Rules adopted in June are now active
Author:
Publish date:
Social count:
0
FAA Clears Way For News Drones promo image

WASHINGTON– Transportation Secretary Anthony Foxx and Federal Aviation Administration Administrator Michael Huerta announced the implementation of the first operational rules for routine commercial use of small unmanned aircraft systems (UAS or “drones”). The regulations adopted on June 21, 2016 officially take effect today, Aug. 29.

The provisions of the new rule – formally known as Part 107 –are designed to minimize risks to other aircraft and people and property on the ground.

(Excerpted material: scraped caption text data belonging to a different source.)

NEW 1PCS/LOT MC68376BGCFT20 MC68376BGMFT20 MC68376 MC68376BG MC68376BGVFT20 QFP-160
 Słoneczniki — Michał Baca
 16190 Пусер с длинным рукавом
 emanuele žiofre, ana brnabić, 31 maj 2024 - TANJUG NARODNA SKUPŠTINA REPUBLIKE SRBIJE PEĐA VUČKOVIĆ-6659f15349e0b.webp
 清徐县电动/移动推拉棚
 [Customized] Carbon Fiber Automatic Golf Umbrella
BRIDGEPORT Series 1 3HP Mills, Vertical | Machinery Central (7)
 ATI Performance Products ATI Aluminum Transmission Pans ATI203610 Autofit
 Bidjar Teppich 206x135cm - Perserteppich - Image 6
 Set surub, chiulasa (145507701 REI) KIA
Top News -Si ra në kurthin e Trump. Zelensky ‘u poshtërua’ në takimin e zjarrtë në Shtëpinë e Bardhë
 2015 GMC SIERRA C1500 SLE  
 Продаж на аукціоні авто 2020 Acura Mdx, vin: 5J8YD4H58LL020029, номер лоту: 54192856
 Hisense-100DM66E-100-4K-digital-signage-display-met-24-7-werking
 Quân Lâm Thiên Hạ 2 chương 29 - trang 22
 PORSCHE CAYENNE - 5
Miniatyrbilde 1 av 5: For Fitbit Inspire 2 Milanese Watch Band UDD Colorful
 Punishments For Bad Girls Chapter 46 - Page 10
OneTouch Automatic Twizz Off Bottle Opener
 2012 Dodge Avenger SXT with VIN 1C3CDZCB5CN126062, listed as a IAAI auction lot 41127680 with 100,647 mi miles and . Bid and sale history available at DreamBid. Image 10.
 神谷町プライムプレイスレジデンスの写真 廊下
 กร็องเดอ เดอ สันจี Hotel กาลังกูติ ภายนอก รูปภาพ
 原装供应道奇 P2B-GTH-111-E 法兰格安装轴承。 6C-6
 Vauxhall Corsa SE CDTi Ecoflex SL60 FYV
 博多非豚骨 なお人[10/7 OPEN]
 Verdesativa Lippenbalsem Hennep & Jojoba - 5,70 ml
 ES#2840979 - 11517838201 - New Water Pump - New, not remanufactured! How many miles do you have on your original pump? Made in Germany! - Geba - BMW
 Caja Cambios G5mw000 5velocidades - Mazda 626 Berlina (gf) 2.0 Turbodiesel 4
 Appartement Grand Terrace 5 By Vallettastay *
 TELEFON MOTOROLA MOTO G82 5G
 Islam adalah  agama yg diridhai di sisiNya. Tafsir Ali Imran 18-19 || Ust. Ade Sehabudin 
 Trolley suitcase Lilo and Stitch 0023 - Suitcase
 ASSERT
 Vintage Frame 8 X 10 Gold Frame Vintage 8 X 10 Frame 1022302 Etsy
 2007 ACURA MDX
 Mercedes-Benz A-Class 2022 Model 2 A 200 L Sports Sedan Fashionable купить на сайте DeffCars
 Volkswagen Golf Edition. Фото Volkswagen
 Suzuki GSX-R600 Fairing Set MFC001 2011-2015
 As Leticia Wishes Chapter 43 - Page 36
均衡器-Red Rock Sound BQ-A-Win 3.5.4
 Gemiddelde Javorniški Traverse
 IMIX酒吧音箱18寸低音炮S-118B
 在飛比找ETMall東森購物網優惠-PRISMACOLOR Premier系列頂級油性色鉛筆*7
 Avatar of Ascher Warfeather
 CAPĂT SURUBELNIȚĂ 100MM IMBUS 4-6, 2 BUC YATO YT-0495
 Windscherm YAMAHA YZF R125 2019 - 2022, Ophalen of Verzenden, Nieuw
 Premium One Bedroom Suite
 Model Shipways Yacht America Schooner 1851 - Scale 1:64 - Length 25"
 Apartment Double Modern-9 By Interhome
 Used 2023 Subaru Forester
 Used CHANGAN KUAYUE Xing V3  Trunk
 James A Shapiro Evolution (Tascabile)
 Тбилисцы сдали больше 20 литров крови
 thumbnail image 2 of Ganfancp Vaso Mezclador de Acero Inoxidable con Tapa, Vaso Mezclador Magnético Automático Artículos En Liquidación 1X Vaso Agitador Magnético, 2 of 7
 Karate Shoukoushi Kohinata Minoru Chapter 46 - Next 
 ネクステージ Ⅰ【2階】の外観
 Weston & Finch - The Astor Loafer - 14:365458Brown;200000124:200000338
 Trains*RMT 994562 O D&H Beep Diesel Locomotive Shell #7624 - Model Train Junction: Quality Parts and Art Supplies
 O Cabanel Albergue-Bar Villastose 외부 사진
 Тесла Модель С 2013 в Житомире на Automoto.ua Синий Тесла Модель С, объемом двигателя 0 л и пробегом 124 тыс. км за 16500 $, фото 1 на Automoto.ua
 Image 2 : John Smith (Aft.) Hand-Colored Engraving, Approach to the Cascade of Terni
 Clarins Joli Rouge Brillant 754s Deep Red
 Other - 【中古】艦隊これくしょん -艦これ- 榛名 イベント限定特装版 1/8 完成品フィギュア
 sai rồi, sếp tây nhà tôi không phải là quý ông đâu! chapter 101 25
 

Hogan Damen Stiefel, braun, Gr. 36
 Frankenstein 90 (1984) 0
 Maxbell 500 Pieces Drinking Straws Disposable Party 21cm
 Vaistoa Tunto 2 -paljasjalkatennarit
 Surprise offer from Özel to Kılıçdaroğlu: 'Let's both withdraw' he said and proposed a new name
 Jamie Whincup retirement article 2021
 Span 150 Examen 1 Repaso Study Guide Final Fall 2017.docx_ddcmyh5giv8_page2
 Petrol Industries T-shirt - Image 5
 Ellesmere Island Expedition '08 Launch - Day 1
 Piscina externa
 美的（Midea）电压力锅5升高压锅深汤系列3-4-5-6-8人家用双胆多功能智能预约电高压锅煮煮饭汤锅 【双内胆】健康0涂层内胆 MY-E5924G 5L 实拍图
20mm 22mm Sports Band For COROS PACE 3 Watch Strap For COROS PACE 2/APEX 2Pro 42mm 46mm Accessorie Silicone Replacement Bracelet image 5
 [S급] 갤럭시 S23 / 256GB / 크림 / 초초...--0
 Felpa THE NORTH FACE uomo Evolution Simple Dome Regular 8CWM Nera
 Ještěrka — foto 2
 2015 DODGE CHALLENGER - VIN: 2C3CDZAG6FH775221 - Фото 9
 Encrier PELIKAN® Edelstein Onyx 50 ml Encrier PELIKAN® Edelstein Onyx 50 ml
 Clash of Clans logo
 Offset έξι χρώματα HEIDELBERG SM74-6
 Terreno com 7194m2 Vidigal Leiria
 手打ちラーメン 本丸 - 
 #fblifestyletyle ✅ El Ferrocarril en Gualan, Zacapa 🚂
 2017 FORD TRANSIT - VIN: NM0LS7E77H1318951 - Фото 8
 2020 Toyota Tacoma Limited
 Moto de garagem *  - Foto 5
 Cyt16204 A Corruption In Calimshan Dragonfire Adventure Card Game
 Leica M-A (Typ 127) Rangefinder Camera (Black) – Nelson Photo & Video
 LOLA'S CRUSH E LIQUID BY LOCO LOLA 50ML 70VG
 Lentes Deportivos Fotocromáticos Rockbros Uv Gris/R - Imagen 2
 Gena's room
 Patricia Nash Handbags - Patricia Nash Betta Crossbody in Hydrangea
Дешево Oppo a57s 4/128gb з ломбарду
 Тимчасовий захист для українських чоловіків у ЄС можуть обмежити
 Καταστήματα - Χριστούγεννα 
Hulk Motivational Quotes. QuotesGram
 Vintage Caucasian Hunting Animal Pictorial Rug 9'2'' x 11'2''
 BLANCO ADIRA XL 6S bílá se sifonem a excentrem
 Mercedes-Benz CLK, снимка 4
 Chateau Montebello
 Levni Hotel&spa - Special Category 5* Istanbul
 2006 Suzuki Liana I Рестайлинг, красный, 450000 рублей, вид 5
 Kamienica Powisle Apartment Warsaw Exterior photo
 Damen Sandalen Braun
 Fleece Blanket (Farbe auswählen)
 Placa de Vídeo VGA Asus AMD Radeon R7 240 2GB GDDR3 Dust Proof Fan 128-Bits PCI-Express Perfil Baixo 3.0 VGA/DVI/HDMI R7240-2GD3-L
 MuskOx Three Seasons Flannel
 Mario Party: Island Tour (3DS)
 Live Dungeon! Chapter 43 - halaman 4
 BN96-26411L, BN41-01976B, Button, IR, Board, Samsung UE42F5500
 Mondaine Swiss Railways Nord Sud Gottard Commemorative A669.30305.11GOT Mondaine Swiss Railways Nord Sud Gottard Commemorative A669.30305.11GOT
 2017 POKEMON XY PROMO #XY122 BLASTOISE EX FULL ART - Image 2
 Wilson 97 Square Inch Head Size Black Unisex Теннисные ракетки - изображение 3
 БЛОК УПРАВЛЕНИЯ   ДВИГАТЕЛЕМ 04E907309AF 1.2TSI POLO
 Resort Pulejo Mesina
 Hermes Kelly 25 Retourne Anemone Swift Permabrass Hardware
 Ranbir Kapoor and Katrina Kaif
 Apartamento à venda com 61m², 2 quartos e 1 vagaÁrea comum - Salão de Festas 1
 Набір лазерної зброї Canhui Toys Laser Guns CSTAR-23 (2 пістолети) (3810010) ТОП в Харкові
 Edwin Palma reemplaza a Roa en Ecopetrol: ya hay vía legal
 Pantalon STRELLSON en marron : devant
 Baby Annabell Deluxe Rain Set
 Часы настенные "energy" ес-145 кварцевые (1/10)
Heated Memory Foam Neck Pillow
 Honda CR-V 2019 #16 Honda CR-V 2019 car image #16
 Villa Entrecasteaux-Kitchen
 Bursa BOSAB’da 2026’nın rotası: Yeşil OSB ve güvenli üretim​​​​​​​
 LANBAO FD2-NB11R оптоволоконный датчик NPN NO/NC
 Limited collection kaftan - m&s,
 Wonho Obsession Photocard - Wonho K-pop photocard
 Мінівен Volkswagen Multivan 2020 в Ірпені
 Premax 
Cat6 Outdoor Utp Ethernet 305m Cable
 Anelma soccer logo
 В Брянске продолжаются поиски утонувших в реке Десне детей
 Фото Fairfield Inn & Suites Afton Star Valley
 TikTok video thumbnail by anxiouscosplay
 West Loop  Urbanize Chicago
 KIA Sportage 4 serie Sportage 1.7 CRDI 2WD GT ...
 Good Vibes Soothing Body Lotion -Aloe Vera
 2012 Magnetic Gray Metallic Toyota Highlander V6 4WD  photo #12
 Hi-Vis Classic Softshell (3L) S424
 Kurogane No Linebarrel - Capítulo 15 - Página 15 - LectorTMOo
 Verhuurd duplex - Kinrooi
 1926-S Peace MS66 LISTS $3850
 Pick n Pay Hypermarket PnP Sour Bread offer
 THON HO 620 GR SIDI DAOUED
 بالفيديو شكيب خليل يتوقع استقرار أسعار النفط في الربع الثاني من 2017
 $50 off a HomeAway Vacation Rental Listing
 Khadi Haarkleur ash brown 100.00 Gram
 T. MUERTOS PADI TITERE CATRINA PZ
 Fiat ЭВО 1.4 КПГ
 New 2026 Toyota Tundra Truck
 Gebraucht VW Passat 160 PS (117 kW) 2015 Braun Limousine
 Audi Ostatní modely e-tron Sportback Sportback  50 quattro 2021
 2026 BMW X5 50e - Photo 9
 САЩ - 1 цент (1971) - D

The FAA has several processes in place to help users take advantage of the rules that go into effect today with regard to waivers and use in various air-space classifications.

The FAA is offering a process to waive some of the rule’s restrictions if an operator demonstrates the proposed flight will be conducted safely under a waiver. Users must apply for these waivers. The FAA is issuing more than 70 waivers today, Aug.29, based on petitions for Sec. 333 exemptions. These waivers will be posted on Sept. 1. The majority of the approved waivers were for night operations under Part 107.

Users can operate their unmanned aircraft in Class G uncontrolled airspace without air traffic control permission. Operations in Class B, C, D and E airspace need air traffic approval. Users must request access to controlled airspace via the electronic portal at www.faa.gov/UAS.

The FAA will evaluate airspace authorization requests using a phased approach. Operators may submit their requests starting today, but air traffic facilities will receive approved authorizations, if granted, according to the following tentative schedule:

Class D & E Surface Area: Oct. 3, 2016
Class C:Oct. 31, 2016
Class B: Dec. 5, 2016

The FAA said it would make every effort to approve requests as soon as possible, but the actual processing time would vary, depending on the complexity of an individual request and the volume of applications the FAA receives. The agency is urging users to submit requests at least 90 days before they intend to fly in controlled airspace.

The FAA said it would use safety data from each phase to ensure appropriate mitigations are in place as small UAS operations are integrated into controlled airspace.

Testing also becomes available today. Testing centers nationwide can now administer the Aeronautical Knowledge Test required under Part 107. After an operator passes the test, she or he must complete an FAA Airman Certificate and/or Rating Application to receive a remote pilot certificate.

It may take up to 48 hours for the website to record that the applicant has passed the knowledge test. The FAA expects to validate applications within 10 days. Applicants will then receive instructions for printing a temporary airman certificate, which is good for 120 days. The FAA will mail a permanent Remote Pilot Certificate within 120 days.

In the future, the FAA said it also would address operations not covered by Part 107 without a waiver, including operations over people, beyond-line-of-sight operations, extended operations, flight in urban areas, and flight at night.

Part 107 does not apply to model aircraft. Model aircraft operators must continue to satisfy all the criteria specified in Sec. 336 of Public Law 112-95 (which is now codified in part 101), including the stipulation they be operated only for hobby or recreational purposes.